The Suburbans (1999)
4/10
The Will Ferrell/Ben Stiller Comedy No One Told You About
3 October 2023
The year was 1999. Will Ferrell was making a name for himself on "Saturday Night Live." Ben Stiller was a rising star, fresh off of "There's Something About Mary." Why did they sign on to this thing? The Suburbans were a fictional one-hit wonder band from the early 1980's. They appeared on "American Bandstand," but rejected the idea of a cable channel that played nothing but music videos, and their careers were over. Almost twenty years later, the former bandmates are attending bass player Gil's (Will Ferrell) wedding. Danny (director/co-writer Donal Lardner Ward) is a lifeguard and part-owner of a small club. Rory (co-writer Tony Guma) sells insurance and is dating a pregnant Lara (Bridgette Wilson), who has two horrible children and plenty of stories about her jerk ex-husband. Mitch (Craig Bierko) is a skirt chasing podiatrist who still dreams of rock stardom. Danny is dating photographer Grace (Amy Brenneman), who wants marriage (it's been 15 years already), and children. The group reunites to belt out their hit song, and are approached by Cate (Jennifer Love Hewitt), a young successful executive at a huge conglomerate record company. She is on a winning streak, and decides to pluck the band out of obscurity, set them up in a rehearsal house, have their every move videotaped by MTV, and get them ready for a huge pay-per-view television comeback. The guys decide to sign to Cate's record company, owned by father and son cameos Jerry and Ben Stiller, and then the drama begins. Everything that can go wrong does. Relationships are on the line, alcoholics falter, Cate's true motive is exposed, and the film makers don't let Will Ferrell do anything funny.
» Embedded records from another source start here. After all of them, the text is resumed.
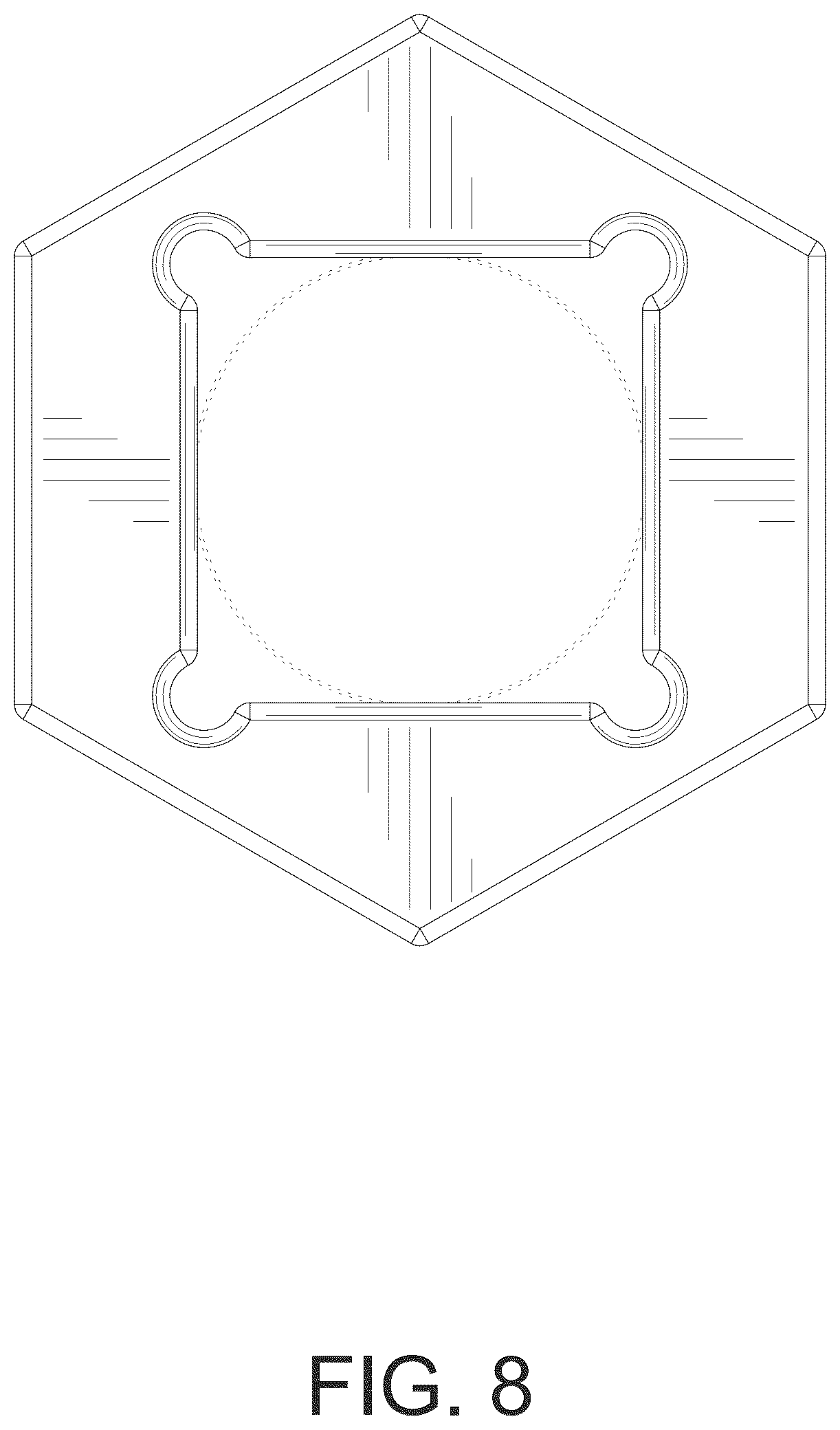 Patent USD1076633 Figure 8 – Cordless drill adapter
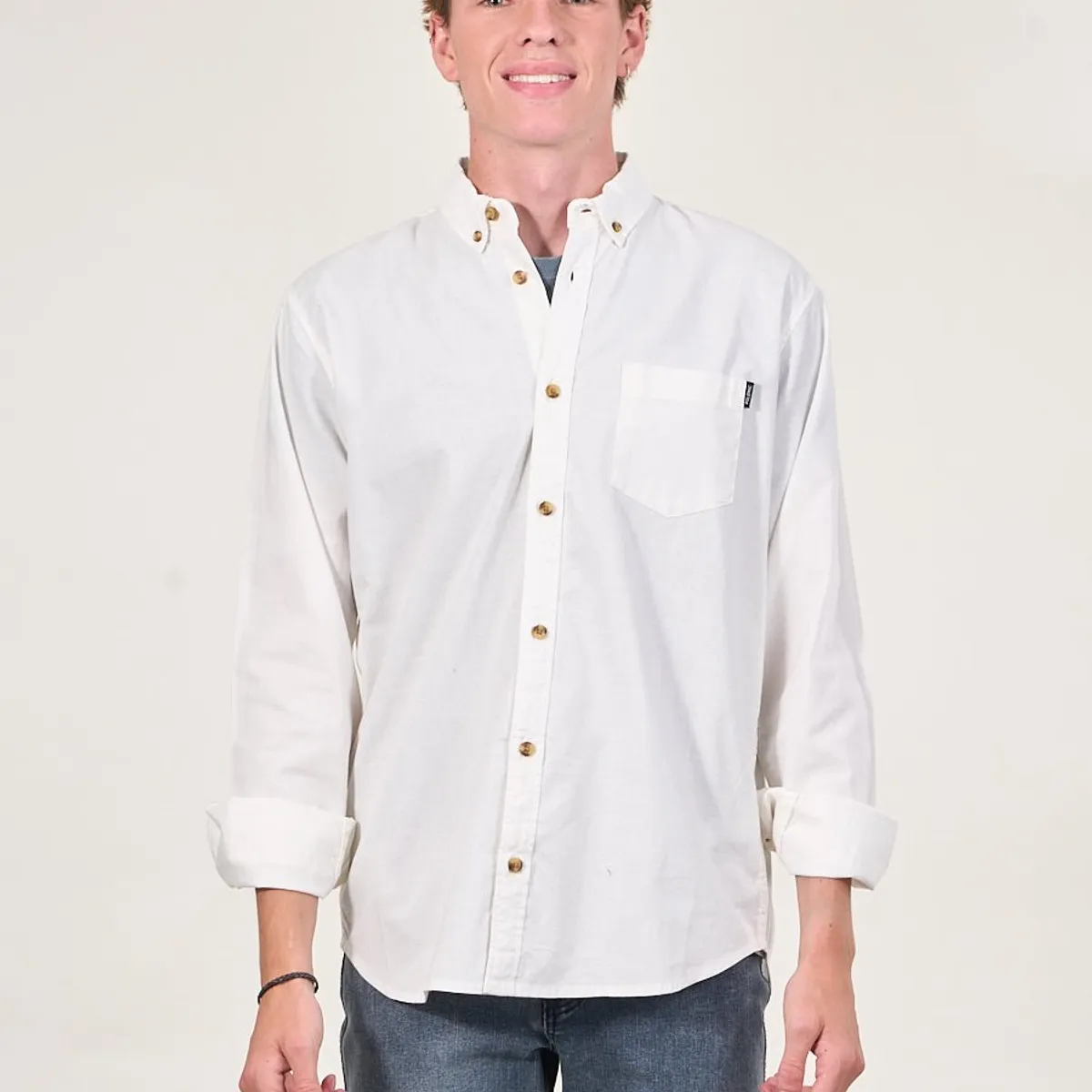 POLEMIC - Camisa manga Larga de algodón procesada wi5305 Polemic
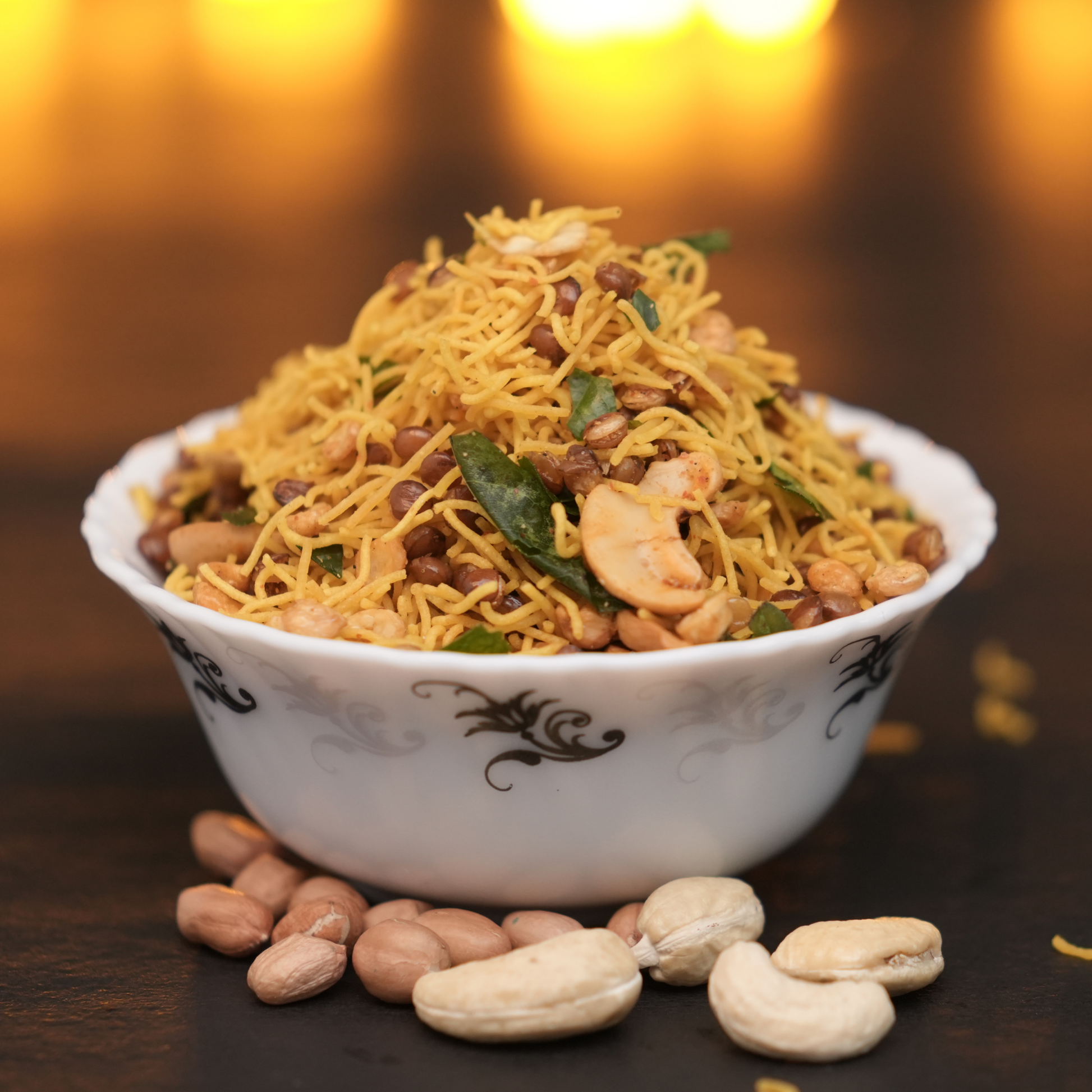 Aval Mixture served as a healthy evening tea-time snack – traditional South Indian savoury by Dr. Renga's Solar Delights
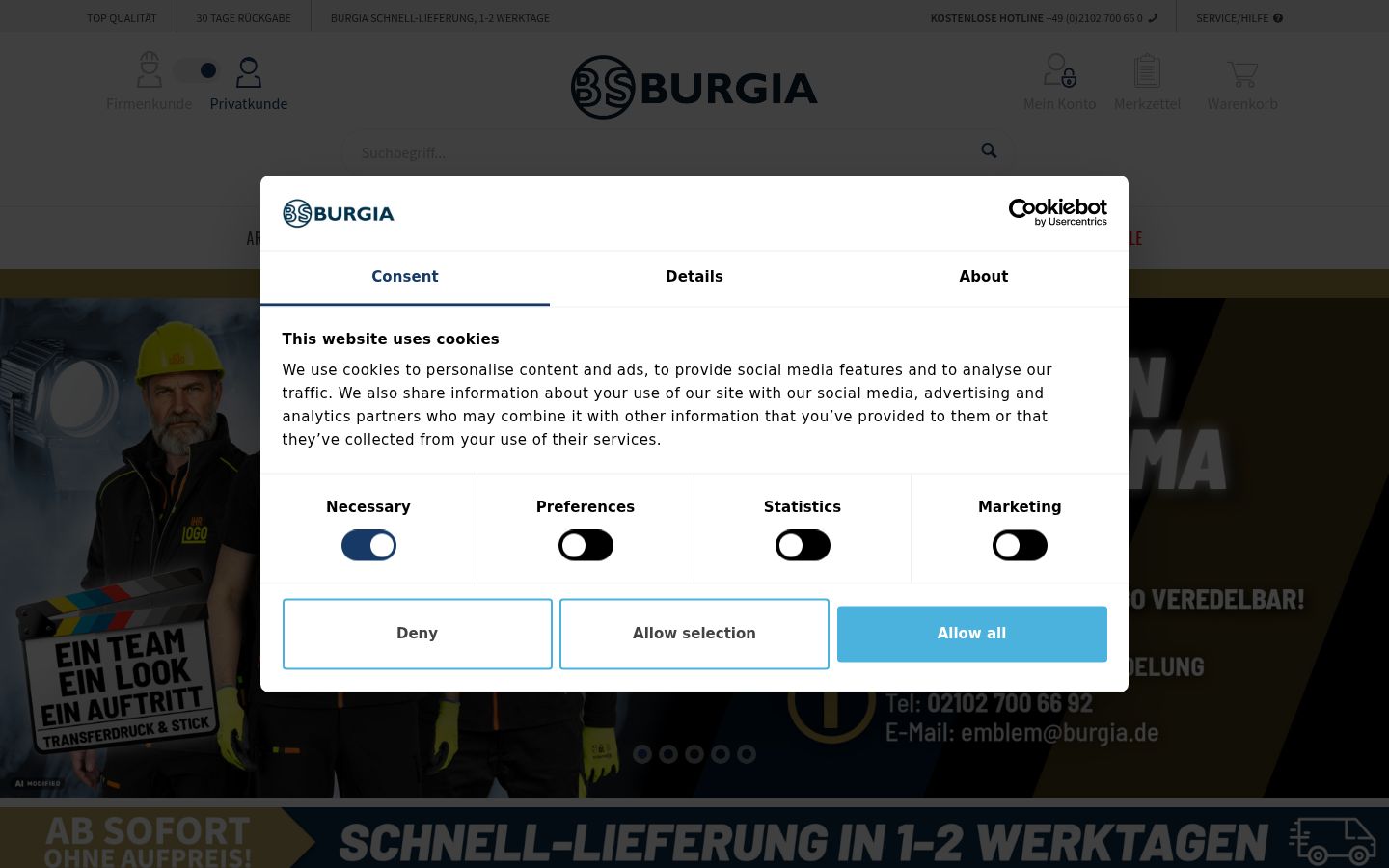 Sutikimo reklamjuostės, rodytos prieš bet kokią sąveiką, ekrano kopija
This is one of those comedies that had to have read funnier on paper. While the characters are all stock, this could have been the manic cousin to Tom Hanks' "That Thing You Do!," but instead, it just sits there. Obvious scene follows obvious scene, and what should have been a can't-miss satire of the music industry instead tries to involve us in Danny and Grace's relationship problems. Guma and Ward took a winning idea and stumbled with it. Ward's direction is stale, as if he is afraid to move the camera or try anything different. Of all the band members, Ferrell's character gets the least amount of screen time. The few lines and scenes he has are hysterical, and it is too bad no one recognized this in editing. The same goes for the Stillers' extended cameo- they flub lines, sleepily go for laughs, and have no sense of timing, but every second of them possibly shot seems to be included on the off-chance someone would find them funny. While the Suburbans' pretend one-hit is kind of catchy, the band itself is a little boring. The weird thing here is that half the cast is actually pretty good- Bierko is funny, Brenneman has some good scenes, Wilson tries as an underwritten harpy, and Hewitt is sexy and watchable in an awful role that mostly calls for her to stand around and be sexy and watchable. For every moment that works, there are "wha'?" cameos from the Stillers, Robert Loggia, Antonio Vargas, Kurt Loder, "American Bandstand"'s D. Clark (IMDb bots flagged his first name), and even A Flock of Seagulls- who reminds everyone what a good one-hit wonder was. "The Suburbans" does exist, I watched it on a DVD that was available in most stores. Ferrell and Stiller went on to be megastars, and the rest of the cast and crew have moved on to bigger things as well; did I mention this was produced by one J. J. Abrams? The viewer, however, will just wonder how this misfire was made to begin with.